**TASK OBJECTIVE:**
Of the lines below, copy those that hold the word "statue".

Extracted data entries
────────
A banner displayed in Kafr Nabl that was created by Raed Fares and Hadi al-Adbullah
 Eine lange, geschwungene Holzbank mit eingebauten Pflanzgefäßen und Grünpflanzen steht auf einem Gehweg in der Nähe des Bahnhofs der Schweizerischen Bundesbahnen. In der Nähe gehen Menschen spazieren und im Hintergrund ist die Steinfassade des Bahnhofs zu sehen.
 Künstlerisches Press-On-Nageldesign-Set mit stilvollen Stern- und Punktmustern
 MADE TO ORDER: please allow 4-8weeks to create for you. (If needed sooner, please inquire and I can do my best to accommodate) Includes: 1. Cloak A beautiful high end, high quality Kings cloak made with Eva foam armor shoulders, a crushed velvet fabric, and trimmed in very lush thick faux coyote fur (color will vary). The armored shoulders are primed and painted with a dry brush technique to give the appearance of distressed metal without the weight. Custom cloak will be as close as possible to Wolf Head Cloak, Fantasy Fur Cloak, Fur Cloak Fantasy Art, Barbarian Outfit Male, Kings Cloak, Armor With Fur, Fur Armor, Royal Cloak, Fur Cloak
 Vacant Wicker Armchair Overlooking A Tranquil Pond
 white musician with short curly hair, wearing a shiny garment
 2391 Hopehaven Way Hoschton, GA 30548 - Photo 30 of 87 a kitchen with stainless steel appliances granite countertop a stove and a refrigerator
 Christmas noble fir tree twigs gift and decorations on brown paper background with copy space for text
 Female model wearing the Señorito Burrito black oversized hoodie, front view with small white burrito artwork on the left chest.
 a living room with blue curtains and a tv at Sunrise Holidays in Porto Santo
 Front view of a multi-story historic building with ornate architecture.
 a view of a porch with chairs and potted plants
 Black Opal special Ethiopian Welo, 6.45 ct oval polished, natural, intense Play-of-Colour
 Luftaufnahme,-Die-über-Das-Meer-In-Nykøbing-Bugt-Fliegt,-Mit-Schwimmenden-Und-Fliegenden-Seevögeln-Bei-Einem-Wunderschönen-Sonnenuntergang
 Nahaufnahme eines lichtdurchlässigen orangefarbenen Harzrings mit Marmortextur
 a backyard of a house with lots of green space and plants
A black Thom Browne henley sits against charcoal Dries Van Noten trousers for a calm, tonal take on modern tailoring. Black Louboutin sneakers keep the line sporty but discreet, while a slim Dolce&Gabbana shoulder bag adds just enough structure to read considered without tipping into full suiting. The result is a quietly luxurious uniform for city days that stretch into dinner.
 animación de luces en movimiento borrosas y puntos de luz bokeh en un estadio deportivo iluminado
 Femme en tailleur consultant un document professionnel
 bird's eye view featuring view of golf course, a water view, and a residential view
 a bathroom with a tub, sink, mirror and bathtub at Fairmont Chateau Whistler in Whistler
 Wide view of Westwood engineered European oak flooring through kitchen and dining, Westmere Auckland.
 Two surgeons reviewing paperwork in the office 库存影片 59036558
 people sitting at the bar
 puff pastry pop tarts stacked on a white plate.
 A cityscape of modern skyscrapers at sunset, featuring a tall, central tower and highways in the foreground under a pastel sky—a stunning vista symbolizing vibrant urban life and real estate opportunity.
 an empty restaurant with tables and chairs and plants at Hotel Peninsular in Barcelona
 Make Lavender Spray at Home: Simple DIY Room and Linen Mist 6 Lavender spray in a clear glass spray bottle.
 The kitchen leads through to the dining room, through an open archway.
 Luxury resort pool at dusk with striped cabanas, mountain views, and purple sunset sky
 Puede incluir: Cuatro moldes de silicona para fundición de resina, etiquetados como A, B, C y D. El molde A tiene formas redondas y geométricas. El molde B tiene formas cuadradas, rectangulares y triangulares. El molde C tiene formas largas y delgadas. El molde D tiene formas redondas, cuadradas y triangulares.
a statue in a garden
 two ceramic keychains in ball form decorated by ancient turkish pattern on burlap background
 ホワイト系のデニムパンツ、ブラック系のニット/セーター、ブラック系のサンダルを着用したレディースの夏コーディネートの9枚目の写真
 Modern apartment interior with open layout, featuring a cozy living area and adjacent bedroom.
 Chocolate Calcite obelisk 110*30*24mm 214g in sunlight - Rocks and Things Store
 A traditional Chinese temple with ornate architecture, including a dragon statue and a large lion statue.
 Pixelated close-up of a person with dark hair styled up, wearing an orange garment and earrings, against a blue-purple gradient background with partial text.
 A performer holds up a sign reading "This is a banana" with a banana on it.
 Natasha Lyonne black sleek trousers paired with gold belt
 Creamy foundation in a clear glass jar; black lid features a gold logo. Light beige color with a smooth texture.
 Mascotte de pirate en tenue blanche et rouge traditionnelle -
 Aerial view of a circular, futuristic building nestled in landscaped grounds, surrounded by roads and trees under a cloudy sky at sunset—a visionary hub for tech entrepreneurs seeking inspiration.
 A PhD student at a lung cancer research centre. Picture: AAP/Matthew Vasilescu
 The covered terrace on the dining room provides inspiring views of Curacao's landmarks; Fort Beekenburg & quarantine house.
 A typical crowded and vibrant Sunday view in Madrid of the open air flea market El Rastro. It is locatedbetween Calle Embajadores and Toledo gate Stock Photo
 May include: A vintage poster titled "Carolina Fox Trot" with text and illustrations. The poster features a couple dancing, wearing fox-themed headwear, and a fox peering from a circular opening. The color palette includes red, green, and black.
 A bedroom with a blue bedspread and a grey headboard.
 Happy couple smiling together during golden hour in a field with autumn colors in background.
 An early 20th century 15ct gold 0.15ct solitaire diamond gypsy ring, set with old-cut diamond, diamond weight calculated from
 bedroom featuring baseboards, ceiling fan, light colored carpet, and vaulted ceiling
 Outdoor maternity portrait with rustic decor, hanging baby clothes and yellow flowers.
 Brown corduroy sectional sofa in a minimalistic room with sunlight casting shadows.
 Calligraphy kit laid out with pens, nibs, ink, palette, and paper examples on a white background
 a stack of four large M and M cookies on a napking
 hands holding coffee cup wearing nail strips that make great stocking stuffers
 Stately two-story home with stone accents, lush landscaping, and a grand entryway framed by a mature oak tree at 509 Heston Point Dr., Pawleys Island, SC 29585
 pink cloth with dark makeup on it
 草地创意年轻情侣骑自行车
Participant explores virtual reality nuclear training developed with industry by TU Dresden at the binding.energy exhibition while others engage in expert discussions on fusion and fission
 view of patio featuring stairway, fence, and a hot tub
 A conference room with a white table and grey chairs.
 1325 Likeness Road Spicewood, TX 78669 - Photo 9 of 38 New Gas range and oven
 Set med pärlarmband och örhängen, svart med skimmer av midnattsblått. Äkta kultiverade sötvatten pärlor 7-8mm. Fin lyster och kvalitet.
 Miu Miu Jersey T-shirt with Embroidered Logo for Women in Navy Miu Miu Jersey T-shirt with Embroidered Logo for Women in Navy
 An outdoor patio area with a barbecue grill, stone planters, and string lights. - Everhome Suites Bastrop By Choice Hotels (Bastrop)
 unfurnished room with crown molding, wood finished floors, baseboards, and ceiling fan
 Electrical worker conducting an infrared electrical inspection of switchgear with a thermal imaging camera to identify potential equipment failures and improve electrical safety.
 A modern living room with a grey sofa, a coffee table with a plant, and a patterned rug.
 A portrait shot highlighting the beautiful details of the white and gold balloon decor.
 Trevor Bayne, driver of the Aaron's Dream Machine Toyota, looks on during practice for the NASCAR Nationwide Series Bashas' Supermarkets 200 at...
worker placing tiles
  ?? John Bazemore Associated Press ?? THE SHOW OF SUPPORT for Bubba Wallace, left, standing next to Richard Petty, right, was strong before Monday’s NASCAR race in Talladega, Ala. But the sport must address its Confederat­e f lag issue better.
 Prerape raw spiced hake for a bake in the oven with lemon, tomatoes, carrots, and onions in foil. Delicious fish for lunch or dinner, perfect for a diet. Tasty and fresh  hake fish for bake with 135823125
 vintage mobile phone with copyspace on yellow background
────────
**ANSWER SECTION:**
a statue in a garden
 A traditional Chinese temple with ornate architecture, including a dragon statue and a large lion statue.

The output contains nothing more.